Wed, Jan 07, 2015 - Page 3 News List

Taipei mayor unveils plan to renovate Chongyang Bridge for traffic safety

NO FREE RIDE:The city reaffirmed its commitment to eliminating all 24,000 free parking spaces, which the transport chief said should free up more parking spaces

By Abraham Gerber  /  Staff reporter

Taipei Mayor Ko Wen-je’s (柯文哲) shake-up of Taipei’s traffic system continued yesterday, with the city planning a new construction to increase safety on the city’s Chongyang Bridge.

At a press conference following the weekly city government meeting, Ko said the government had previously not “felt the pain” of the high rate of accidents on the bridge spanning the Tamsui River (淡水河) between Taipei’s Shilin (士林) and New Taipei City’s Lujhou (蘆洲) districts, with more than 200 traffic accidents occurring in the past four years.

“Increased traffic on the bridge since it was constructed [27 years ago] has made it more dangerous,” Taipei City Department of Transportation Commissioner Chung Hui-yu (鍾慧諭) said, adding that more than 5,000 scooters pass over the bridge during peak hours.

The access ramp for scooters will be redesigned to increase safety as the motorbikes merge into traffic, Chung said.

The existing access ramp is to remain open until construction on the new ramp is finished late next year, she said.

Chung also reaffirmed the department’s commitment to eliminating free parking spaces in the city, as well as considering holding an online vote on the continuation of a pedestrian zone within the Gongguan (公館) area.

The zone, whose trial period is set to expire on Sunday, has been in place since August last year.
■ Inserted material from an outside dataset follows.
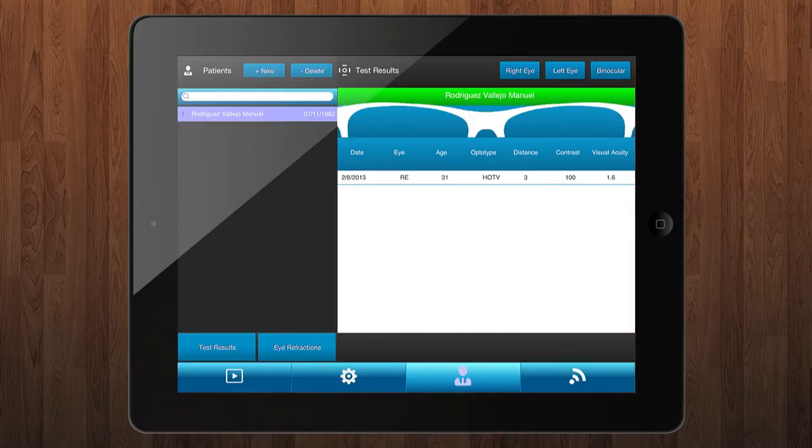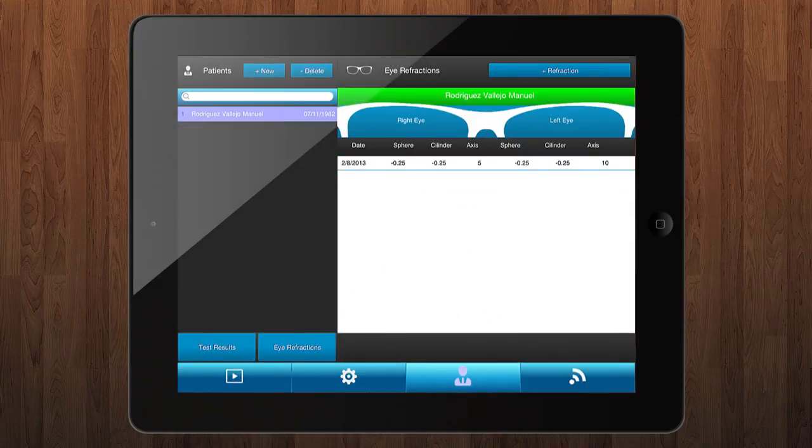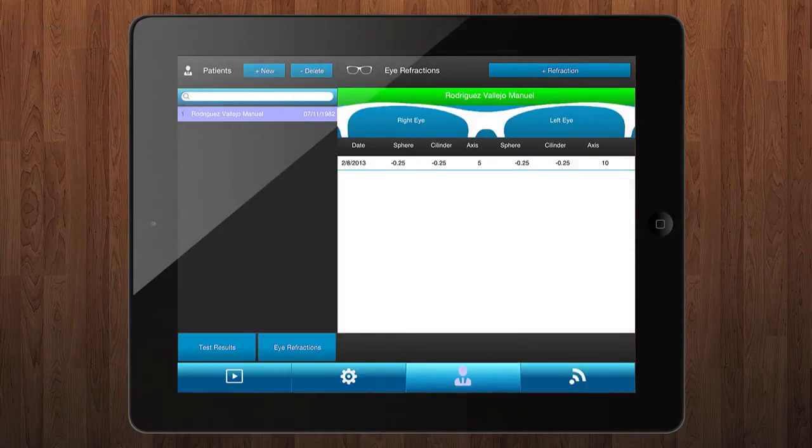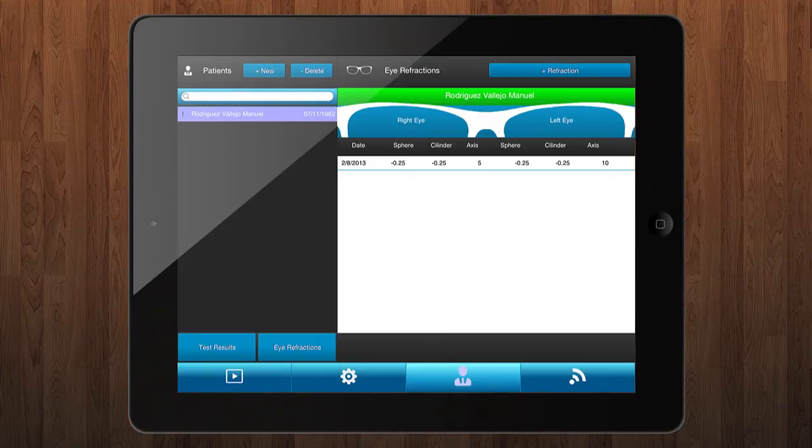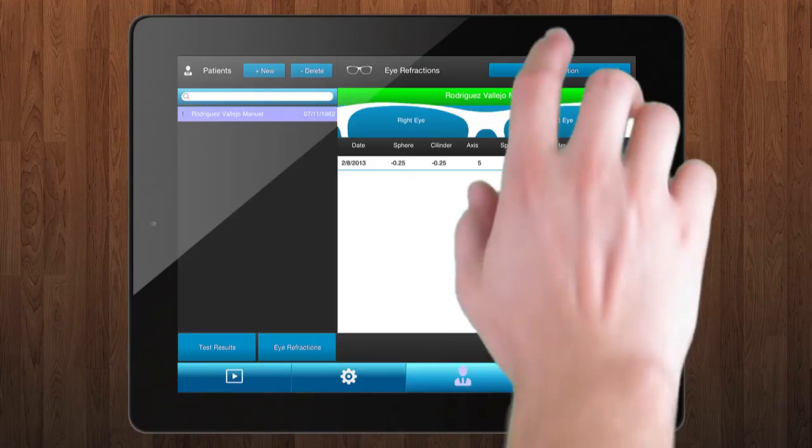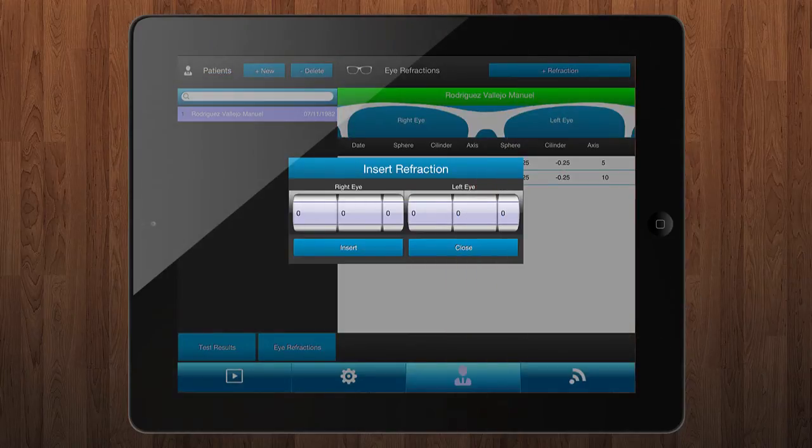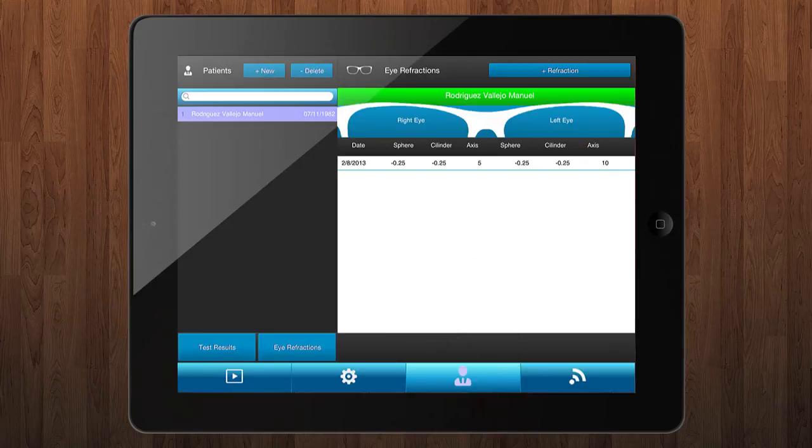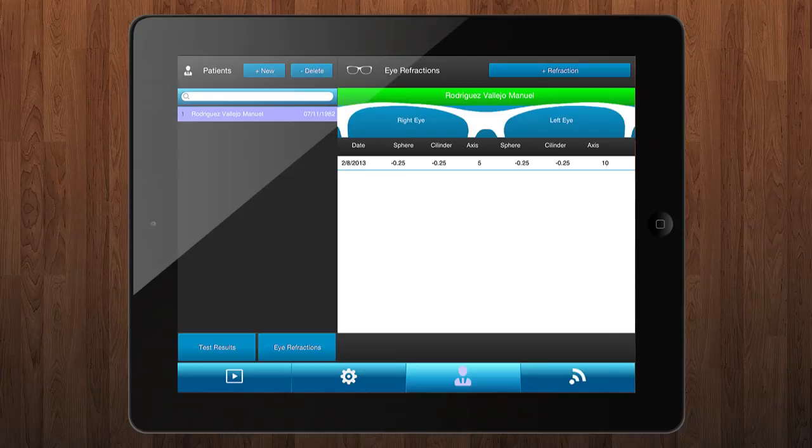Then navigate to the refraction screen. Select a patient and add a new refraction by pressing on new refraction button at the right side. It could be able to save test results with or without compensation. To do this you have to create the patient and the refraction before beginning the test.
Cars and scooters are barred from entering five alleys within the area during weekends and holiday afternoons and evenings.

While some stores in the area oppose the restrictions, many city residents support the idea, with foot traffic doubling since the zone was implemented, Chung said.

She said eliminating free parking spaces was fundamentally a matter of effectively using city resources, including taxpayers’ money spent on maintaining roads.

“Roads are city property, not your family’s parking lot,” she said, “Every person needs to pay to park just as they need to pay to ride a bus.”

The department plans to eliminate all of the city’s 24,000 free parking spaces over the next two years, beginning with 3,000 spots in Wenshan District (文山) next month.

Chung said eliminating free parking spaces would increase the number of vehicles that the spaces could accommodate by encouraging drivers to reduce parking time.

In conjunction with adjustments to the city’s public transportation system, this would enable the city to gradually eliminate parking spots, opening up space to widen roads and sidewalks, she said.

The department also hopes to win approval from the city council to raise fees on parking spaces to further free up space, she said.